[Source material]
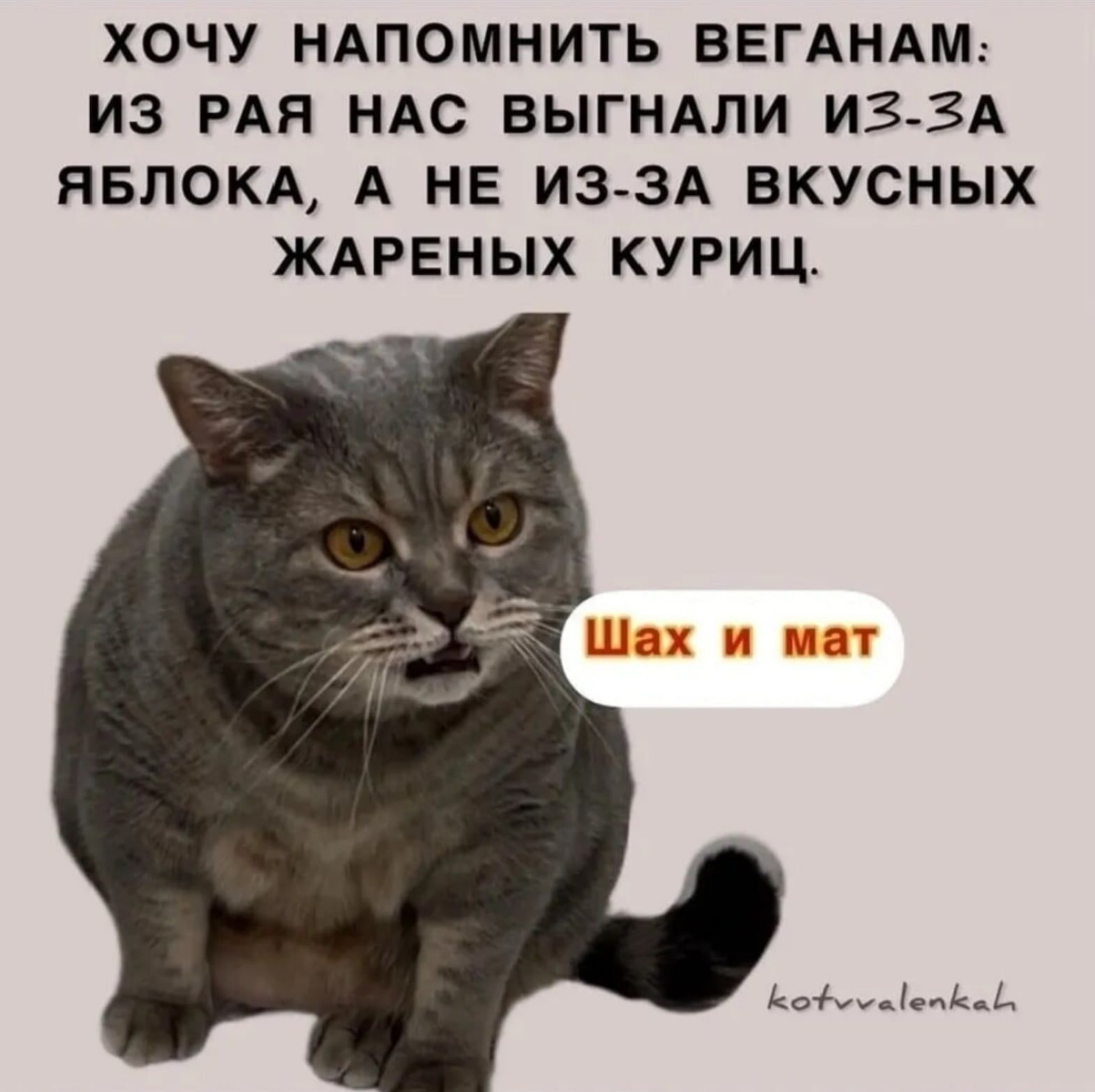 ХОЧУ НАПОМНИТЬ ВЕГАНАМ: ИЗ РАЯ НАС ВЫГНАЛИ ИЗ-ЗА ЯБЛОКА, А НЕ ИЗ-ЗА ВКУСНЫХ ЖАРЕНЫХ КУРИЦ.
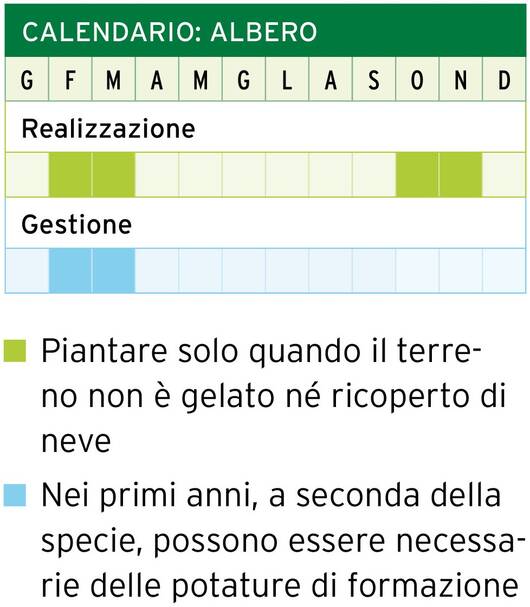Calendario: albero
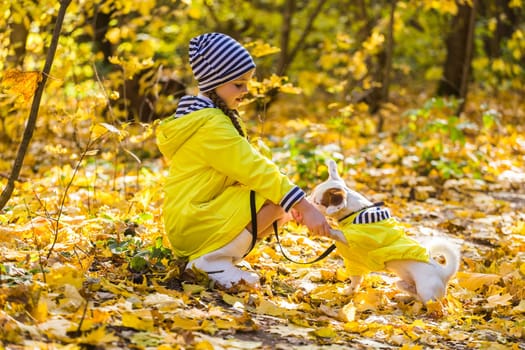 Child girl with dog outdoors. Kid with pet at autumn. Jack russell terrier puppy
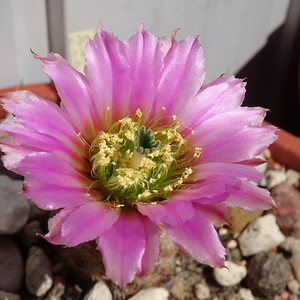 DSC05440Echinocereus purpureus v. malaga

[Task description]
Skip every picture and transcribe the data above exactly.

[Finished task]
 ХОЧУ НАПОМНИТЬ ВЕГАНАМ: ИЗ РАЯ НАС ВЫГНАЛИ ИЗ-ЗА ЯБЛОКА, А НЕ ИЗ-ЗА ВКУСНЫХ ЖАРЕНЫХ КУРИЦ.
Calendario: albero
 Child girl with dog outdoors. Kid with pet at autumn. Jack russell terrier puppy
 DSC05440Echinocereus purpureus v. malaga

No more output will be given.